Il tema dell’alterità dunque come dimensione conflittuale ma arricchente è uno dei temi centrali del libro. L’altro da sé come portatore di gioia e di dolore, di crisi e di crescita, a patto che l’io si lasci coinvolgere nella relazione fino a perdersi in essa, oltrepassando i propri limiti identitari e le convenzioni di una morale comune portatrice di vincoli ottusi che limitano la libertà di essere. Non a caso, due componimenti che si trovano nella parte iniziale e finale della raccolta, individuano proprio nella configurazione psicoanalitica dell’Edipo (la dimensione della castrazione e della colpa) un potenziale rischio per la libertà del soggetto di amare e di darsi: «l’immagine del padre ti minaccia / vorrei che la sua legge fosse cenere… / vorrei che tu non mi legassi mai / al suo sembiante e alla sua parola».

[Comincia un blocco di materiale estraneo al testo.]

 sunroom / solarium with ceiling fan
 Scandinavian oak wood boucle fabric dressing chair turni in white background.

Sul finire di questo viaggio, occorre menzionare le due brevi prose che l’autore inserisce nella silloge. Si tratta di sbocchi necessari per una poesia che, pur regolamentata nel suo fluire da una struttura del verso ben definita, tende naturalmente alla prosa poetica e filosofica, e ad esse saltuariamente s’affaccia lasciandoci intravedere squarci di paesaggio ancora più intensi e delicati. In queste prose l’autore continua a riflettere, creando atmosfere malinconiche e rarefatte, sulle gioie segrete e i travagli del proprio legame amoroso, sull’incapacità di contatto degli amanti, su se stesso in rapporto all’altro.
Un unico poema sembrano formare tutte le poesie di Storia di una passione, un unico componimento senza soluzione di continuità che include integralmente gli inserti narrativi, le prose, le note a piè di pagina, la dedica, il prologo, le date, a dimostrare l’apertura dell’autore verso la multidimensionalità dell’essere e dell’arte, verso l’integrazione di varie forme di scrittura. Quest’unità risulta fondamentale per comprendere il testo, lasciandoci con la speranza che ci sia sempre la possibilità di riemergere dall’abisso di un amore finito grazie anche alla potenza rigeneratrice della letteratura.

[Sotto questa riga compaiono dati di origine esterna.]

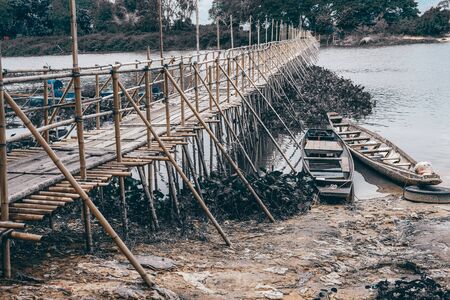 wooden bridge footbridge walkway pathway crossing riverの写真素材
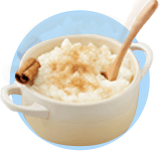 A dish of arroz con leche with cinnamon stick garnish and wooden spook on a blue background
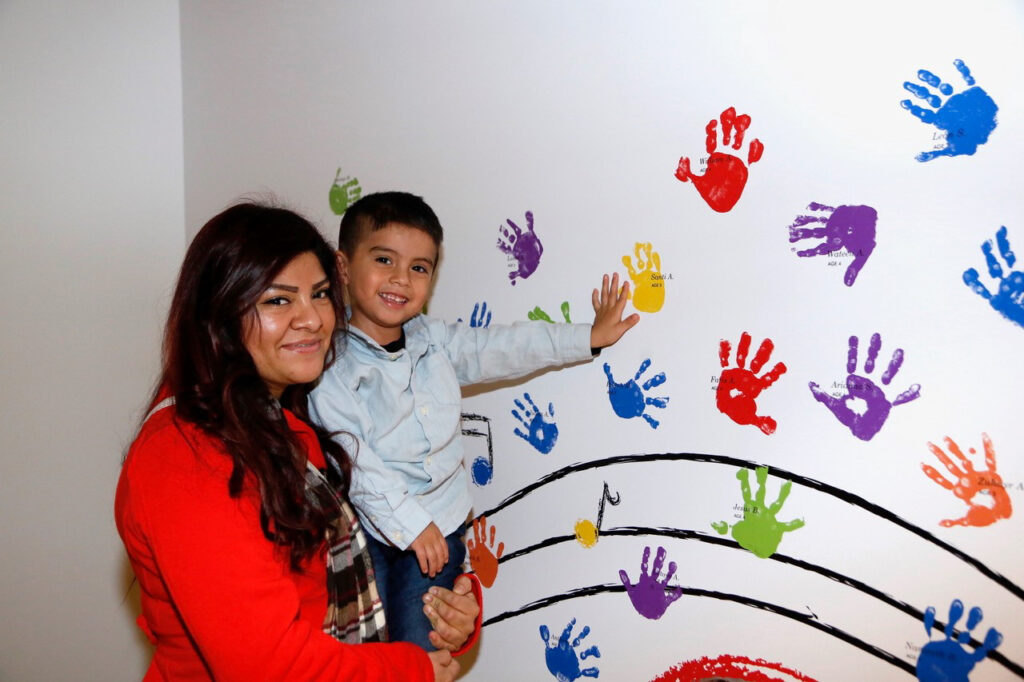 A woman in a red shirt holds a young boy who is touching colorful handprints on a white wall.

Si può così concludere con le parole dell’autore, molto delicate, tratte dalla prosa conclusiva della silloge Un mondo ancora possibile, parole che sono un inno e pieno di luce alla poesia e allo scorrere del tempo: «La poesia – ridando vita e spessore alle rimembranze – può diventare una finestra perennemente dischiusa, che riconduce il nostro sguardo inquieto ai bagliori di una luce nuova, agli enigmi misteriosi di un futuro indecifrabile, ai percorsi ancora ignoti della speranza e dell’attesa».